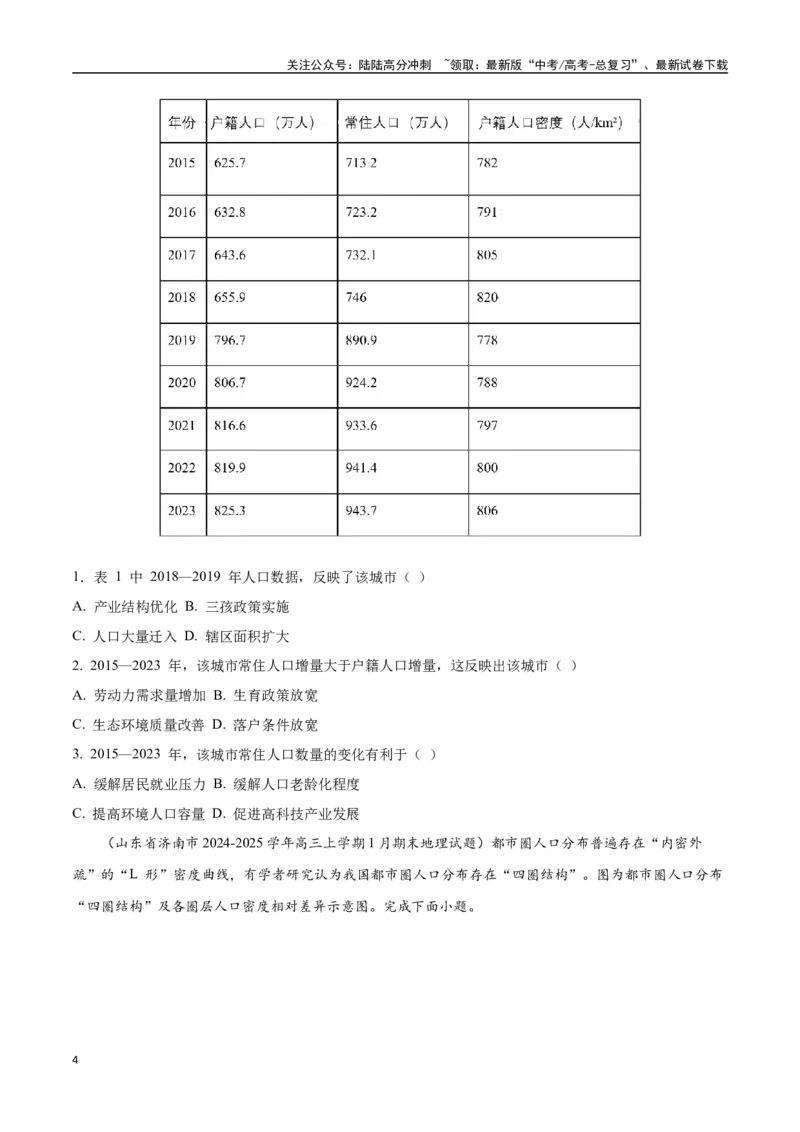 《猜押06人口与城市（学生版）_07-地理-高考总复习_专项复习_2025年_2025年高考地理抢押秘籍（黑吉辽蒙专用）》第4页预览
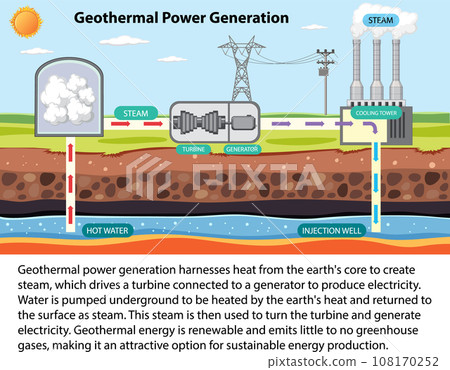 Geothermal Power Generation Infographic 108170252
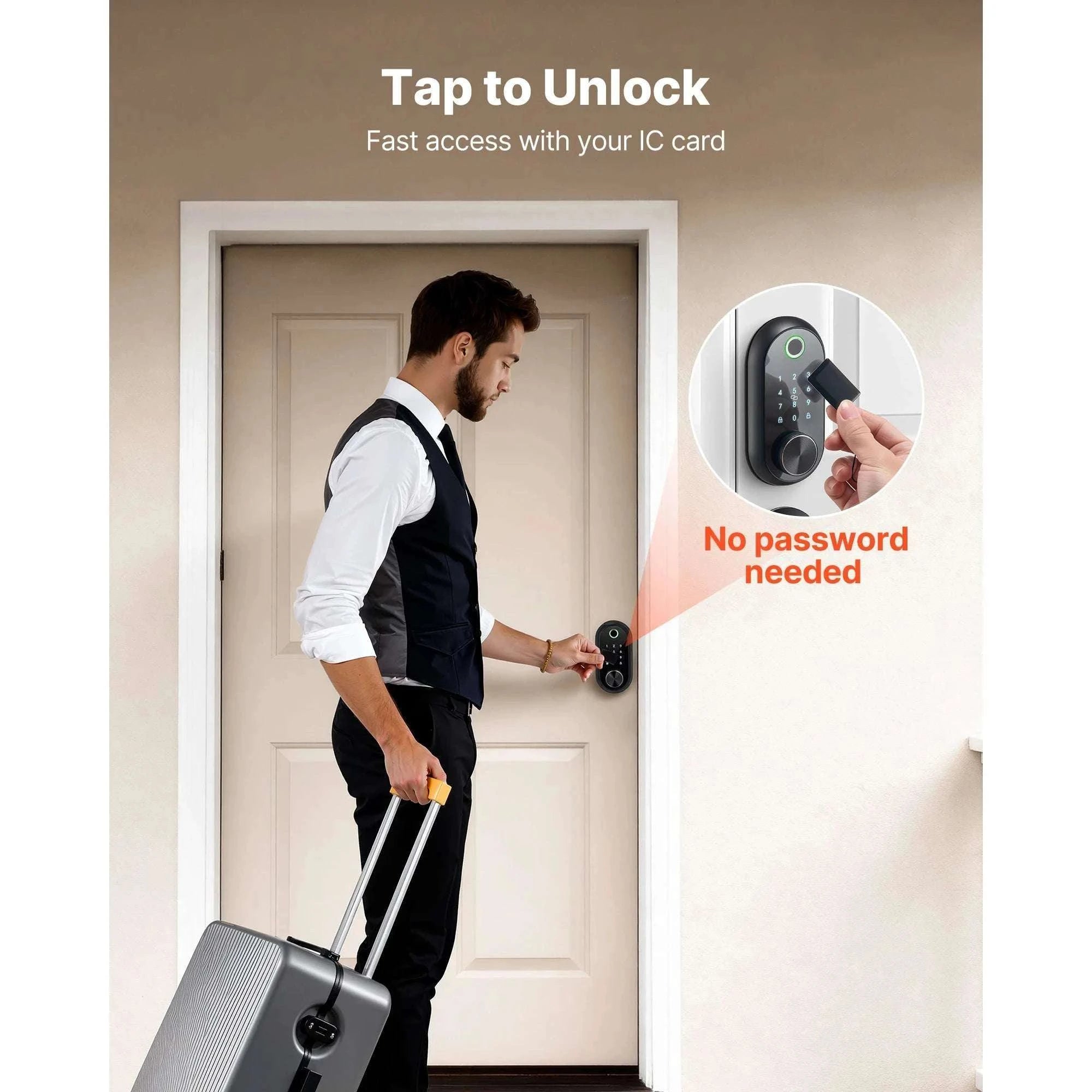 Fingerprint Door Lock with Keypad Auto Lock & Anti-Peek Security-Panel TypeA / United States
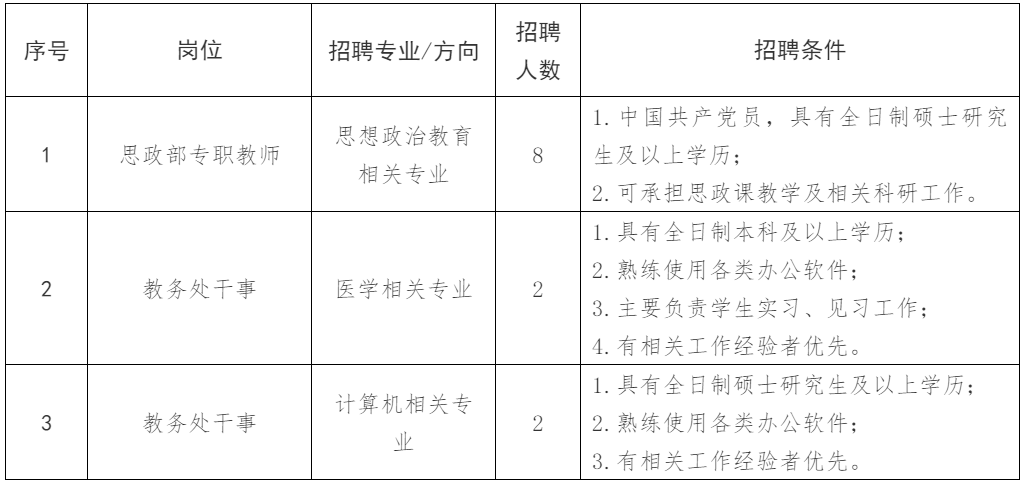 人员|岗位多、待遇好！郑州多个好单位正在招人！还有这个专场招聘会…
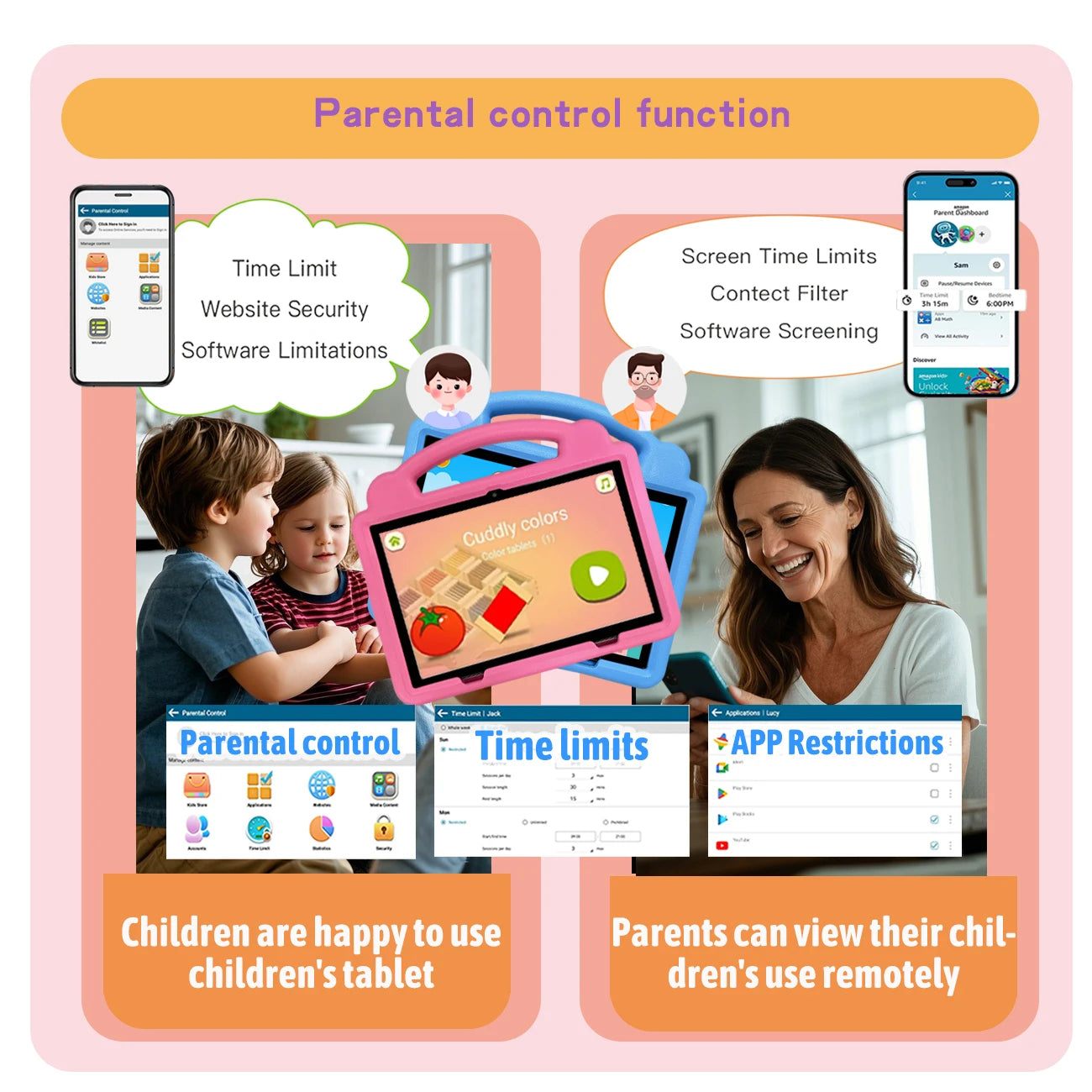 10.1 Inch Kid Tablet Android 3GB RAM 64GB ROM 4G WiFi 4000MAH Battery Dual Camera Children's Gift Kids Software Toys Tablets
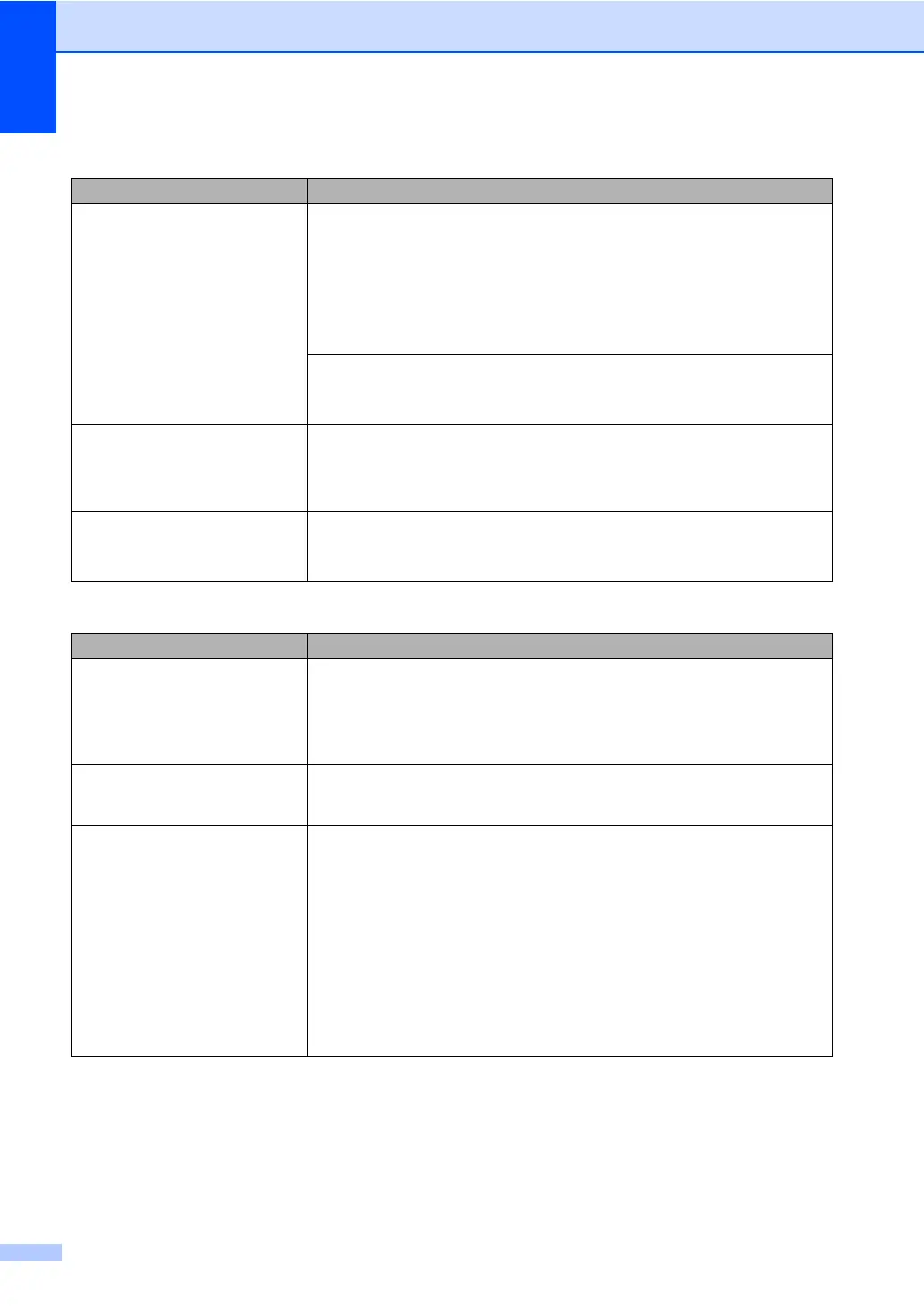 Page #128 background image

**How to complete this task**
Return the lines above from the one with "Fingerprint Door Lock" through the one with "10.1 Inch Kid", verbatim and nothing else. Omit every picture.

**Exercise output**
 Fingerprint Door Lock with Keypad Auto Lock & Anti-Peek Security-Panel TypeA / United States
 人员|岗位多、待遇好！郑州多个好单位正在招人！还有这个专场招聘会…
 10.1 Inch Kid Tablet Android 3GB RAM 64GB ROM 4G WiFi 4000MAH Battery Dual Camera Children's Gift Kids Software Toys Tablets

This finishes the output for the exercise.